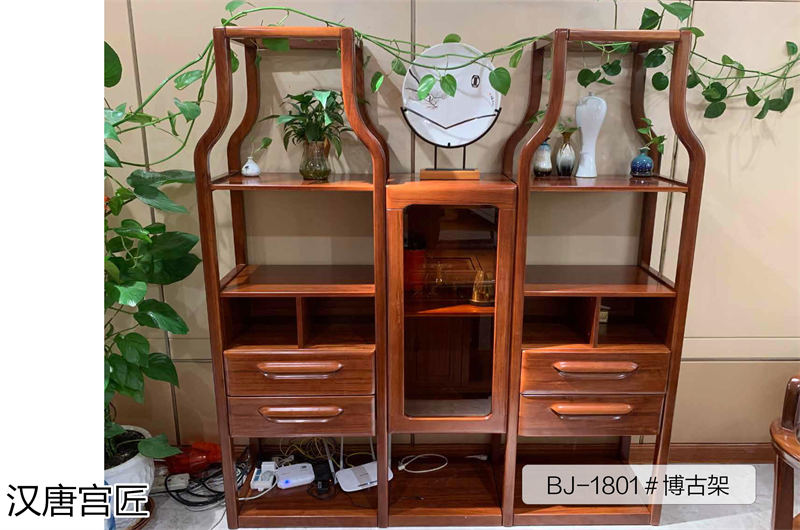 漢唐宮匠 金絲柚木套房家具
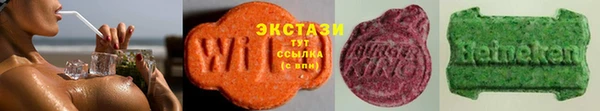 2c-b Верхний Тагил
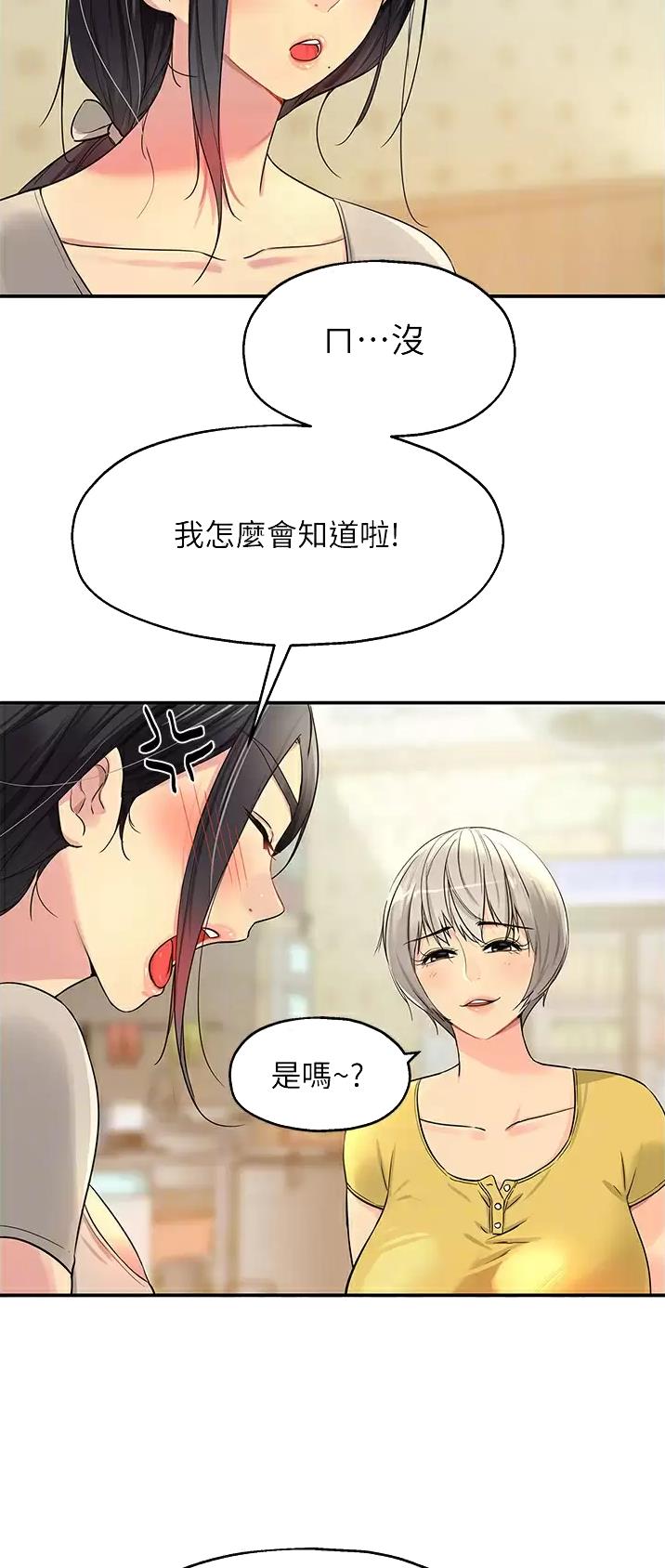 诚实杂货店在哪看漫画,第38话1图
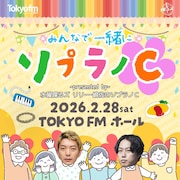 見取り図リリー＆ニューヨーク嶋佐「ソプラノC」発のイベント開催決定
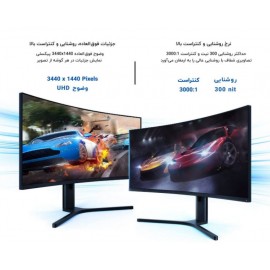 مانیتور منحنی گیمینگ شیائومی 34 اینچ خمیده مدل XMMNTWQ34 گلوبال - Xiaomi Mi Curved Gaming 34inch LED Monitor XMMNTWQ34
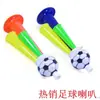 Brinquedos de torcida de jogo chifre de futebol concerto chifre fãs chifre jogos chifre fabricantes atacado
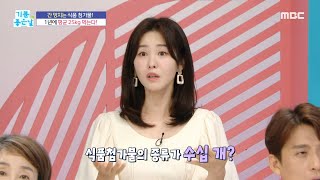 [기분 좋은 날] 간 망치는 식품 첨가물?!, MBC 240709 방송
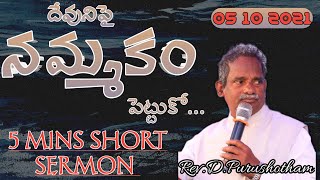 దేవునిపై నమ్మకం / Short Sermon By D.Purushotham / Telugu Christian Message / clc ministries /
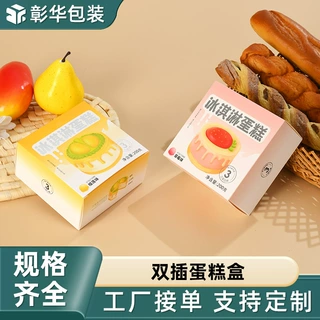 定制双插蛋糕盒子正方形尺寸印刷定制350克食品级白卡蛋糕盒定制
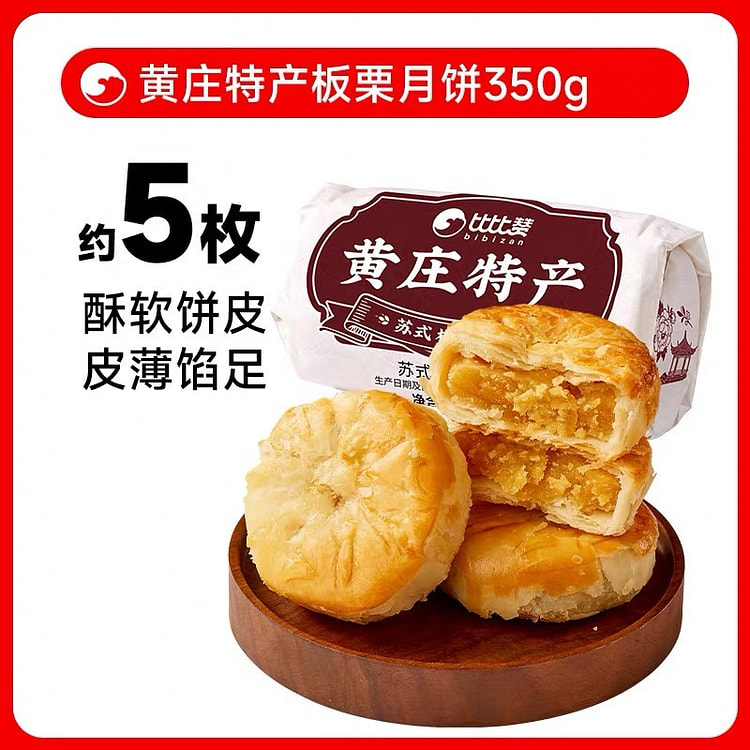 Huangzhuang crispy-skin chestnut mooncake 330 g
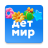 icon ru.detmir.dmbonus(Fitness in de) 10.8.2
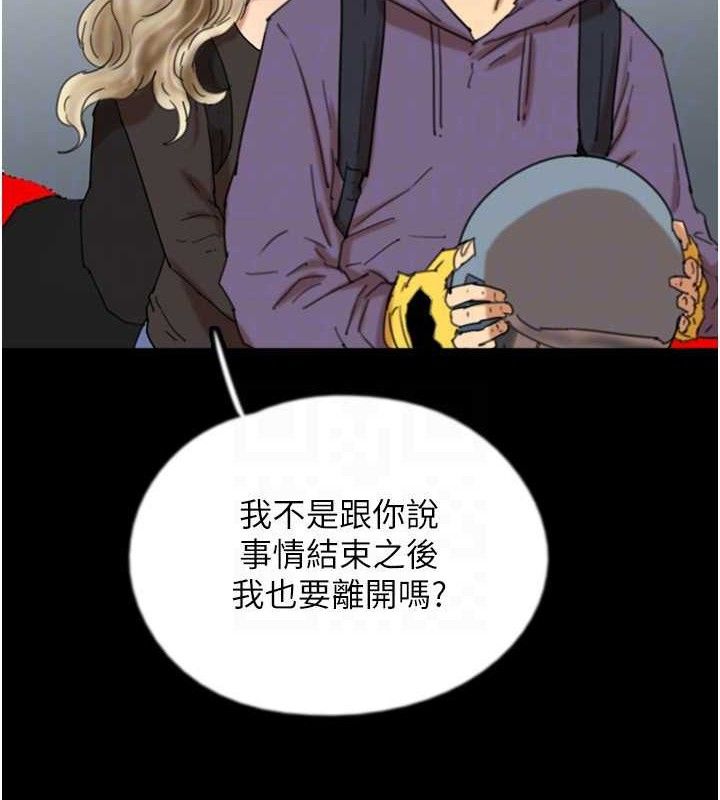 韩漫H漫画 养父的女儿们  - 点击阅读 第81话-再见，黄世灿 131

**YOUR ASSIGNMENT**: Transcribe all the material exactly; skip every image.

**RESPONSE AREA**:
 漢唐宮匠 金絲柚木套房家具
 2c-b Верхний Тагил
 诚实杂货店在哪看漫画,第38话1图
 見取り図リリー＆ニューヨーク嶋佐「ソプラノC」発のイベント開催決定
 مانیتور منحنی گیمینگ شیائومی 34 اینچ خمیده مدل XMMNTWQ34 گلوبال - Xiaomi Mi Curved Gaming 34inch LED Monitor XMMNTWQ34
 Brinquedos de torcida de jogo chifre de futebol concerto chifre fãs chifre jogos chifre fabricantes atacado
 [기분 좋은 날] 간 망치는 식품 첨가물?!, MBC 240709 방송
 దేవునిపై నమ్మకం / Short Sermon By D.Purushotham / Telugu Christian Message / clc ministries /
 定制双插蛋糕盒子正方形尺寸印刷定制350克食品级白卡蛋糕盒定制
 Huangzhuang crispy-skin chestnut mooncake 330 g
 icon ru.detmir.dmbonus(Fitness in de) 10.8.2
 韩漫H漫画 养父的女儿们  - 点击阅读 第81话-再见，黄世灿 131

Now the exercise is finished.